In direct response to the OP's question, I don't think you'll have any trouble using the tickets, as long as they were originally purchased together. A large amount of anecdotal evidence from the past 3 years suggests that tickets purchased together "share" the biometric data across all of the tickets ... the theory goes that Disney doesn't want to cause unnecessary delays at the turnstiles when Mom pulls out everyone's tickets and inadvertantly gives some of them to the wrong members of the party. In other words, as long as you are one of the original people from that party, you should have no trouble using another ticket from that party.
HOWEVER, if the scan doesn't work properly, be prepared for them to POSSIBLY ask for ID.

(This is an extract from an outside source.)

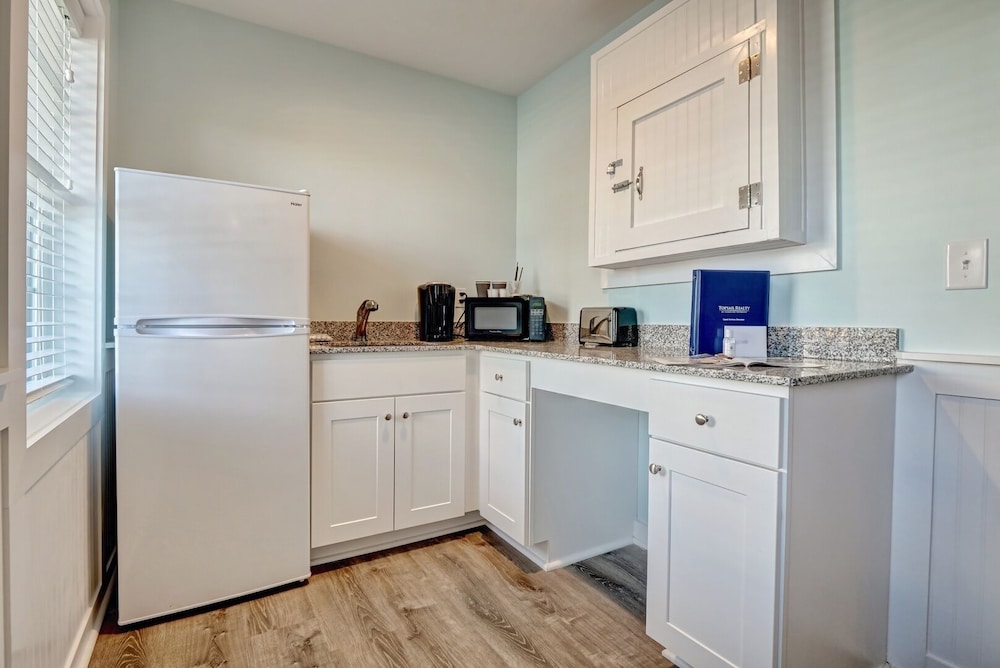 Loggerhead Inn and Suites - photo 9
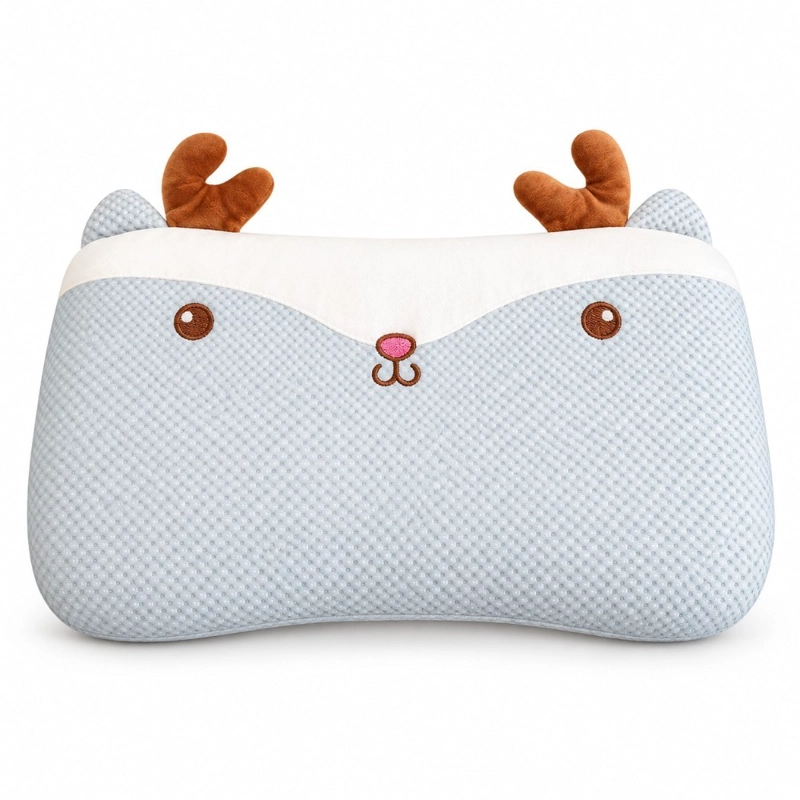 ALMOHADA INFANTIL NIÑOS DECODREAMS CELESTE DISEÑO RENO 48 X 28 CM - 1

Actually, now that I think about it, I'm not quite sure how it will work. WHY? Because in November 2005 they were using the "original" biometric scan in which you placed two fingers flat onto a pad, and the data measured was the lengths of bones in those two fingers ... the lengths of the bones were subjected to a mathematic algorithm and the resulting number (unique to 1 in 1,000) was what had to be replicated over and over in order to gain admission. However, beginning some time in 2006, they replaced that type of scan with a 1-finger fingertip scan which looks at a fingerprint and again creates a value based on an algorithm (it doesn't save your fingerprint itself). In other words, the scan they did in November 2005 was done with equipment that is no longer in use, and thus there is nothing for you to try to match. Unfortunately, I don't know if that means they just wave you in, or if it means you must show ID to match the name on the ticket.